It should be front page in the broadsheets and even more so – it should be the message being shouted from the opposition benches. Regrettably i can’t see Corbyn doing his ” I’ve had a letter from a Mr Murphy of Norfolk”, reading out the above, and then asking the PM at pmq’s ” why, if this government is ruling in the interests of the many, not the few, does she persist in having policies that are so evidently a corruption of the will of Parliament and the people?” Fat chance. My only hope is that some of her own backbenches are feeling punch-drunk as a result of this.

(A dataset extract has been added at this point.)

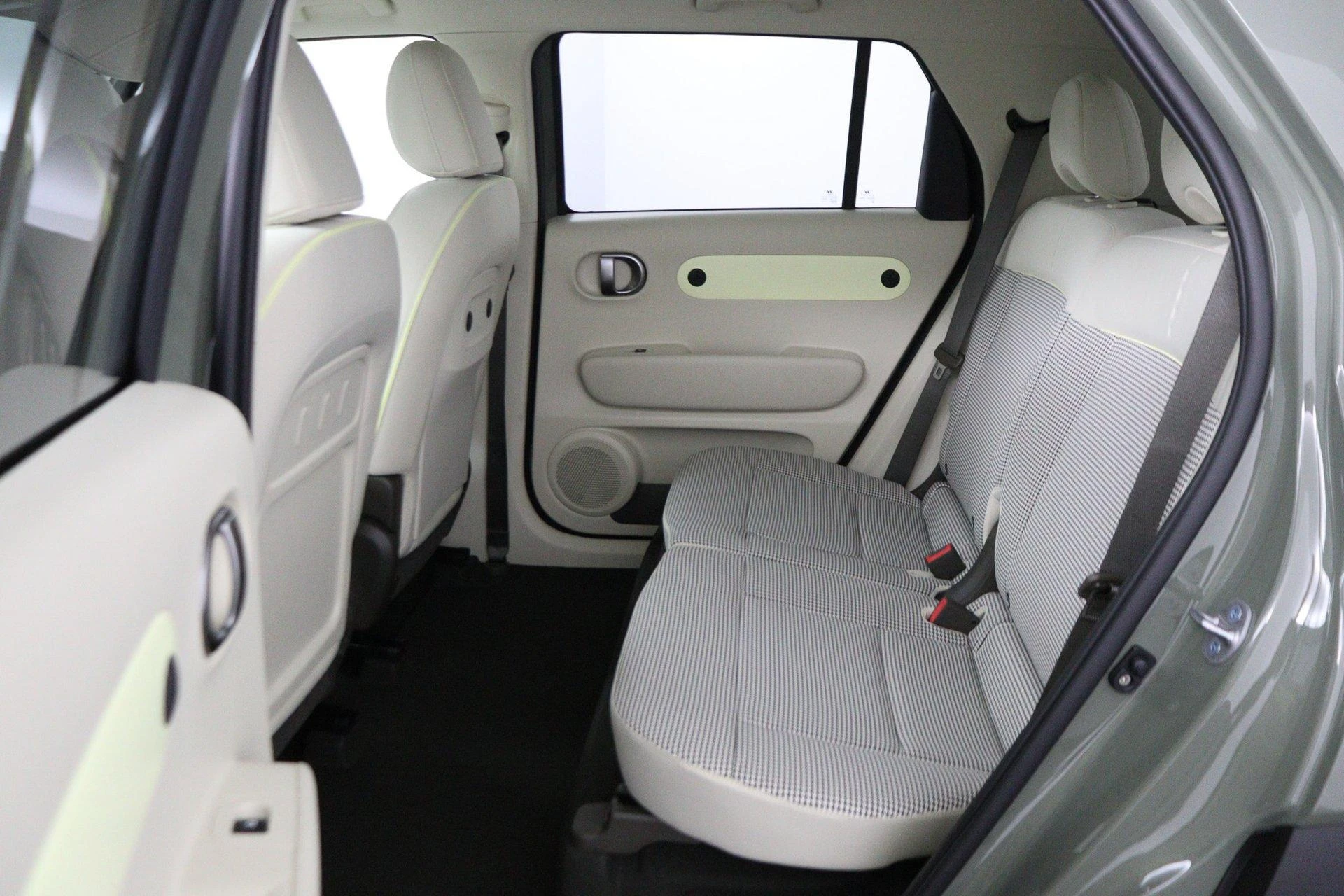 Hyundai-Inster-image-14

Pity your are not a speech writer.
Oddly, I noted Owen Smith (remember him?) retweeted it
The number of prosecutions may be so low because of the Hansard Extract (which has been government policy for years).
See: https://www.kinsellatax.co.uk/information/serious-fraud-investigations/working-methods/opening-interview/interview-format/hansard-extract/
“[The HMRC] will accept a money settlement and will not pursue a criminal prosecution, if the taxpayer, in response to being given a copy of this Statement by an authorised officer, makes a full and complete confession of all tax irregularities”
This looks like some form of ‘marketisation’ to me that goes too far. And it is an unfair distinction between ‘white collar crime’ and other areas of the law as in ‘ you’ve been a naughty boy and since you are have enough money and are a certain social class you can buy yourself out of trouble instead’ approach.
It explains why we send people to prison for not paying their TV license instead.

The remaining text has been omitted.